As recently as last May, ABP proudly published a press release on its website saying “constructive talks” with Shell about reducing carbon emissions had yielded “results”.

But five months later, the fund announced it would sell its €600m stake in Shell as well as its stock and bond allocations to all other oil and gas majors.

ABP’s U-turn on engagement with the fossil fuels sector has surprised many, not least those that had been campaigning for ABP’s divestment from the industry.

“We expected some kind of announcement in the run-up to COP26, but not this,” said Liset Meddens, director of Fossil Free Netherlands. Fossil Free was preparing to take ABP to court over its fossil fuel investments but has now suspended the case.

Mark van Baal of Follow This, a campaign group that calls on fossil fuel firms to improve their climate policies through shareholder resolutions, called ABP’s divestment decision “abrupt and inexplainable”, but he was not disappointed. “We are not sorry ABP is selling its shares, as they have never supported any of our resolutions.”

Fellow investors also find ABP’s sudden move from cautious engagement to divestment surprising, but believe it fits into a wider trend. “I would say that this reflects a move by many clients in that direction,” said Eric Christian Pedersen, head of responsible investments at Nordea Asset Management.

Wake-up call

According to Raj Thamotheram, former head of ESG at the UK’s Universities Superannuation Scheme and currently an independent consultant and market commentator, ABP’s divestment decision illustrates that half-hearted “tea and biscuits engagement” is bound to fail.

He said: “Hopefully this will be a wake-up call to this fund and all its peers to dramatically raise their game. Either be genuine forceful stewards or divest fully and quickly with a public announcement.”

Whether ABP’s divestment decision will be more effective than tea and biscuits engagement remains to be seen. Lars Erik Mangset, chief advisor climate change at the Norwegian pension investor KLP, supports the move, though he added that KLP had no plans of its own to divest completely from fossil fuels, noting that KLP already has completely divested from coal and tar-sand activities.

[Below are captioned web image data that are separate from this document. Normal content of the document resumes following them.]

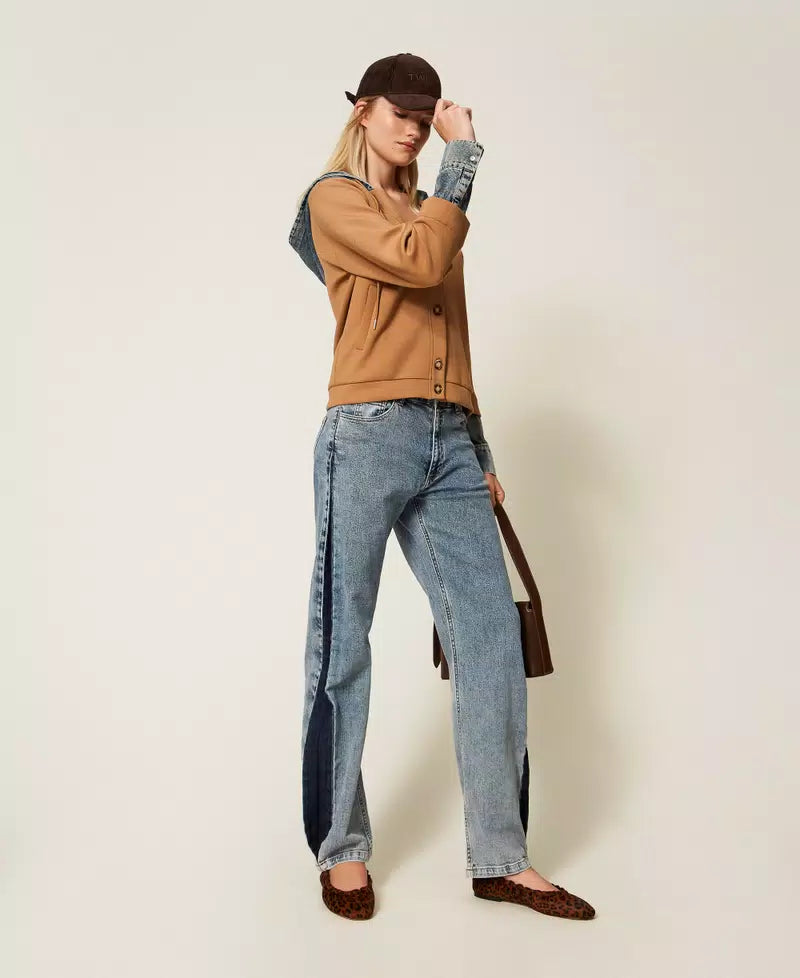 Twinset Scuba Fabric and Denim Sweatshirt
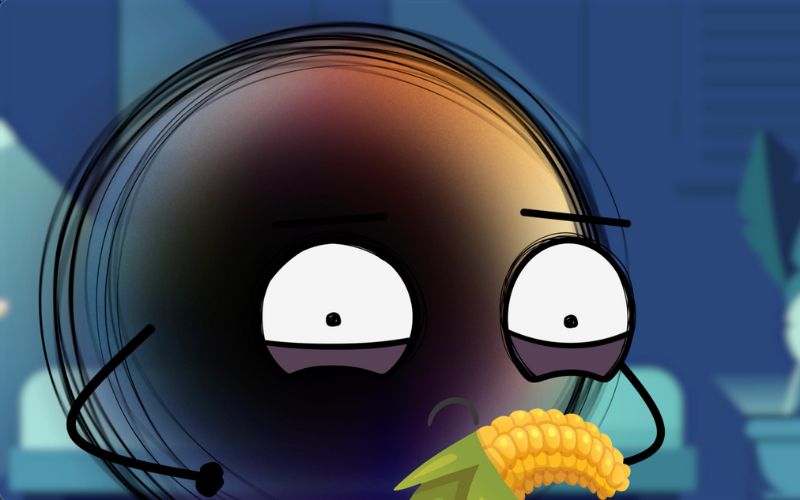 Max character with saggy corn to represent erectile dysfunction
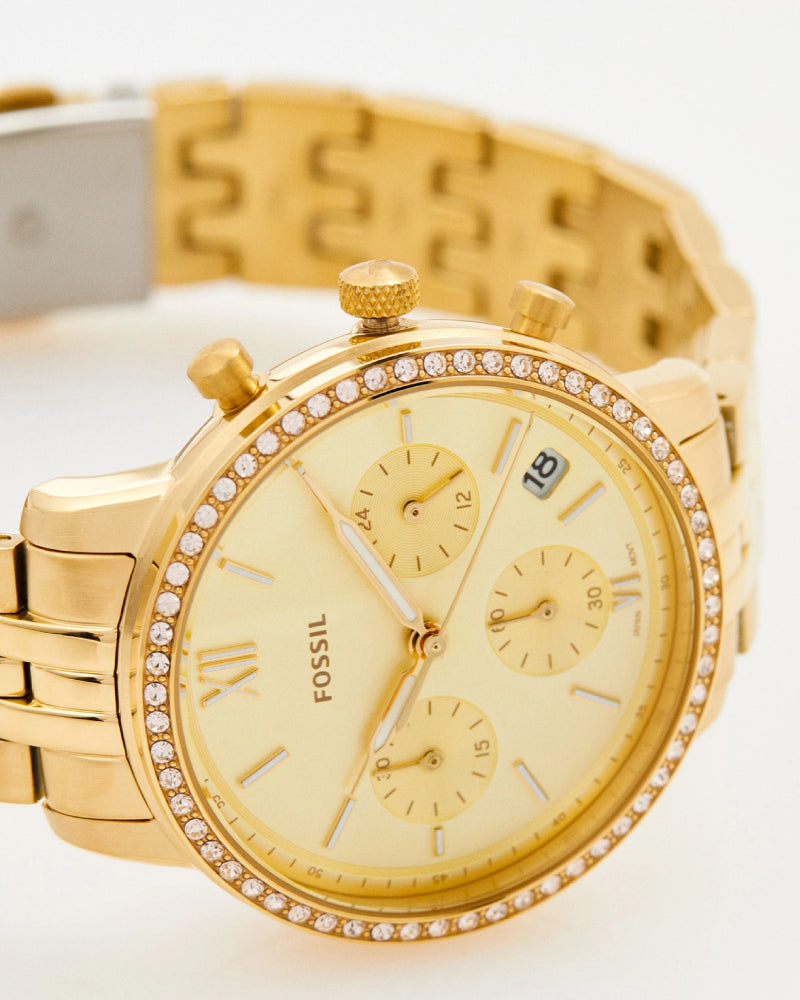  Shop Authentic Fossil Neutra Chronograph Gold Dial Gold Steel Strap Watch for Women - ES5219 - Luxxuri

He said: “We welcome this move, recognising that at the moment, it is really not clear what are the best measures to impact the real economy to transition to the level needed. We see clear merits in this strategy as well.”

He explained however that “one might get the impression that KLP categorically oppose divestments, that’s not the case. In fact, we probably have the widest set of exclusion criteria in Norway. But we stand by our comment, that we remain invested in oil and gas since we want to see if we can contribute in pushing the companies to transition. If not successful, then over time, divestment might become relevant.”

“Hopefully this will be a wake-up call to this fund and all its peers to dramatically raise their game”

Raj Thamotheram, former head of ESG at the UK’s Universities Superannuation Scheme

While the UN Environment Programme Finance Initiative noted in a recent paper that divestment “removes investors’ ability to exert influence”, Nordea AM’s Pedersen noted that a divestment decision, especially when it comes from an investor as large as €528bn ABP, “sends a clear message to companies that change is needed”.

Divestment impact

Though theoretically investors that strive for change see their numbers wither if some decide to divest, it could embolden them too. Speaking during an IPE pre-COP26 workshop on Thursday, Pedersen said the asset manager had its own experience of the immediate impact of divestment from when it sold out of a Brazilian meat packaging company after the engagement was unsatisfactory for a long time.

“What happened right after that was that they brought some concessions to the table for those investors who were still invested,” he said, “so I think there’s a certain view that you can have, which I think I share personally, that if some leave these companies it will be easier for others to engage”.

He added: “Of course where that is different a little bit is maybe in the voting, and we saw the Exxon case (proposal 6 at this spring’s Exxon AGM for a “Report on Scenario Analysis” which failed only by about 1%) where the votes were very close. There you could have wished for a few more progressive investors in Exxon that could have tilted the balance. So to me, the jury is still out on what is the best approach.”

ABP has announced it will now focus its engagement efforts on companies that are heavy users of fossil fuels, such airlines and car manufacturers.

According to KLP’s Mangset, ABP is “very right in taking the demand-side focus approach because it’s likely a much more efficient and effective way to transition in the economy”.

The big question now is what ABP has learnt from its unsuccessful engagement journey with fossil fuel firms, and how it will apply these lessons in the future.